Try it: Retype each line of the listing below, from the first through the one holding "Voitures D'occasion À", with no other lines.

Supplied records:

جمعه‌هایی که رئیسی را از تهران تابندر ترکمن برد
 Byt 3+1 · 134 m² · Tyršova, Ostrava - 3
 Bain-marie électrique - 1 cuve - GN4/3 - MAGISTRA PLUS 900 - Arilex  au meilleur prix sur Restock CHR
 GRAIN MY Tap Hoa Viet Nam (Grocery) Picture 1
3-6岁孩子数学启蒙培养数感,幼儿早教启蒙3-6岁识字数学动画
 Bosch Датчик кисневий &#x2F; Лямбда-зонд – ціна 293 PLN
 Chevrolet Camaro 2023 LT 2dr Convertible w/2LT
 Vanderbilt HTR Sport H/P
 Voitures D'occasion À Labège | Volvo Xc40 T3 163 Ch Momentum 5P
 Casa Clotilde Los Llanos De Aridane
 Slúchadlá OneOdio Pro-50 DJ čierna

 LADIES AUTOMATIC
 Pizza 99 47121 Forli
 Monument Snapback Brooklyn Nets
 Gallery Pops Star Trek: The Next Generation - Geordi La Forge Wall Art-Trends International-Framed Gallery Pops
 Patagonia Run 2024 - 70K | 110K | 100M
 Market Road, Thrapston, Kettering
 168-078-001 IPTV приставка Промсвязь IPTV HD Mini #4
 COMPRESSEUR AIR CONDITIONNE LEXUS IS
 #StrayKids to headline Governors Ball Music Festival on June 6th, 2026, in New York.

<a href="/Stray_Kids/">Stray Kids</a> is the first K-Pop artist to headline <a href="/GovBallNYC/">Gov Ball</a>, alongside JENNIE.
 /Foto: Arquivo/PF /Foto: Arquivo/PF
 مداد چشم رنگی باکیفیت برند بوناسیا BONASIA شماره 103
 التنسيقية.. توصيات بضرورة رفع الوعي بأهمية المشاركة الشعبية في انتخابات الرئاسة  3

Reply to the exercise:
جمعه‌هایی که رئیسی را از تهران تابندر ترکمن برد
 Byt 3+1 · 134 m² · Tyršova, Ostrava - 3
 Bain-marie électrique - 1 cuve - GN4/3 - MAGISTRA PLUS 900 - Arilex  au meilleur prix sur Restock CHR
 GRAIN MY Tap Hoa Viet Nam (Grocery) Picture 1
3-6岁孩子数学启蒙培养数感,幼儿早教启蒙3-6岁识字数学动画
 Bosch Датчик кисневий &#x2F; Лямбда-зонд – ціна 293 PLN
 Chevrolet Camaro 2023 LT 2dr Convertible w/2LT
 Vanderbilt HTR Sport H/P
 Voitures D'occasion À Labège | Volvo Xc40 T3 163 Ch Momentum 5P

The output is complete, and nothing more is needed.